We’re reaching comical levels now

by -adamk-

26 comments
  1. Minerals:

    Coca cola.

    ![gif](giphy|EBzev4Du968dOg2D1A)

  2. I remember saying I would stop drinking when it went over £2 a pint. Now I’m saying the same thing when it’s over £10. Can see me still drinking when it’s hitting £20 a pint too.

  3. Don’t spend any money there at all, or any other pub that takes the piss like this

  4. Nicholsons + extremely tourist heavy area. This is entirely unsurprising.

  5. Pints in riverfront pub full of tourists and office workers aren’t cheap? Colour me shocked. 

  6. The alcohol free beers are the pretty much the price of a real beer in my local Wetherspoons. And they wonder why Wetherspoons is taking over the country.

  7. Just paid 5.20 for a pint this evening, it’s actually not over.
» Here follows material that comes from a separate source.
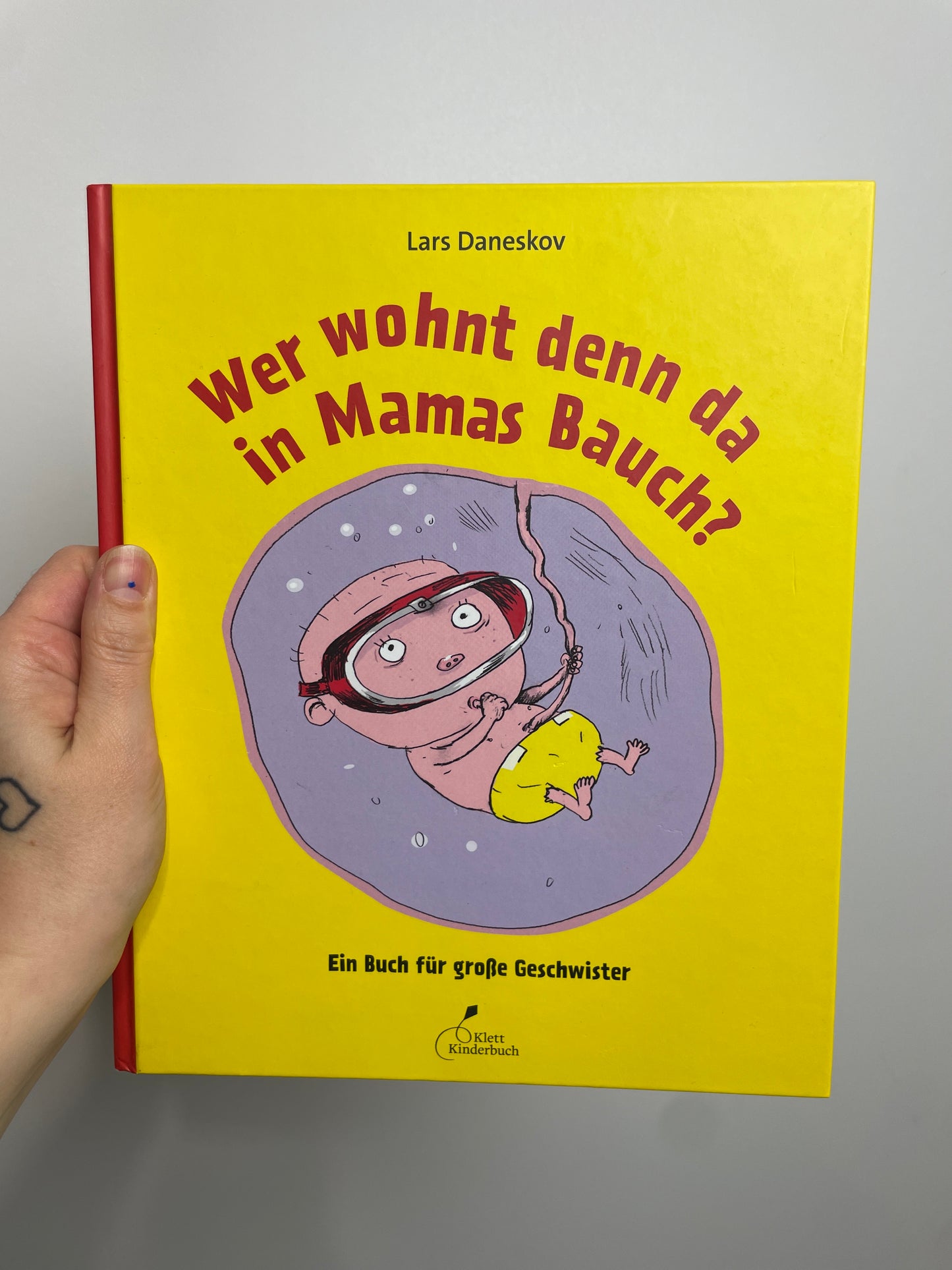 Wer wohnt denn da in Mamas Bauch?• klett kinderbuch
    Greyhound in Peckham has permanently reduced a pint to £4 this summer. You guys just need to stop going to touristy places

  8. At that point you might as well just go to spoons 😬

  9. I live near here, prices have increased in the last year. It used to be normal (relatively) for the area

  10. I like how they promote it as 85% water when it’s a hot day but not when you question the price

  11. £4.50 for a bottle of fucking water? London is cooked

  12. That’s inflation, I guess. In Hitchhiker’s Guide to the Galaxy, Ford Prefect famously orders 6 pints and gives the barman a fiver, saying to keep the change.